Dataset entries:
┄┄┄┄┄┄┄┄┄┄┄┄┄┄┄┄┄┄┄┄

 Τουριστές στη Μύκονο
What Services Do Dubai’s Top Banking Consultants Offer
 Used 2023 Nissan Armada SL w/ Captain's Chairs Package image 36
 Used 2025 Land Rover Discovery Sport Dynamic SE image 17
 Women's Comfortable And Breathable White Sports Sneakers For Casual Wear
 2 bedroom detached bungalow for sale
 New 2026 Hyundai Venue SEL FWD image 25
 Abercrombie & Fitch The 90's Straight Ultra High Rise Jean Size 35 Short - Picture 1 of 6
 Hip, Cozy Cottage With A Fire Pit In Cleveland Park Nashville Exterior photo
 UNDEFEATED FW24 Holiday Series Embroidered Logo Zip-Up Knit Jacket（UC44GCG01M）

┄┄┄┄┄┄┄┄┄┄┄┄┄┄┄┄┄┄┄┄

#### WHAT YOU NEED TO DO:
Return exactly the lines in the records above, beginning with the one that holds "What Services Do" and ending with the last.

#### ANSWER FOR THIS EXERCISE:
What Services Do Dubai’s Top Banking Consultants Offer
 Used 2023 Nissan Armada SL w/ Captain's Chairs Package image 36
 Used 2025 Land Rover Discovery Sport Dynamic SE image 17
 Women's Comfortable And Breathable White Sports Sneakers For Casual Wear
 2 bedroom detached bungalow for sale
 New 2026 Hyundai Venue SEL FWD image 25
 Abercrombie & Fitch The 90's Straight Ultra High Rise Jean Size 35 Short - Picture 1 of 6
 Hip, Cozy Cottage With A Fire Pit In Cleveland Park Nashville Exterior photo
 UNDEFEATED FW24 Holiday Series Embroidered Logo Zip-Up Knit Jacket（UC44GCG01M）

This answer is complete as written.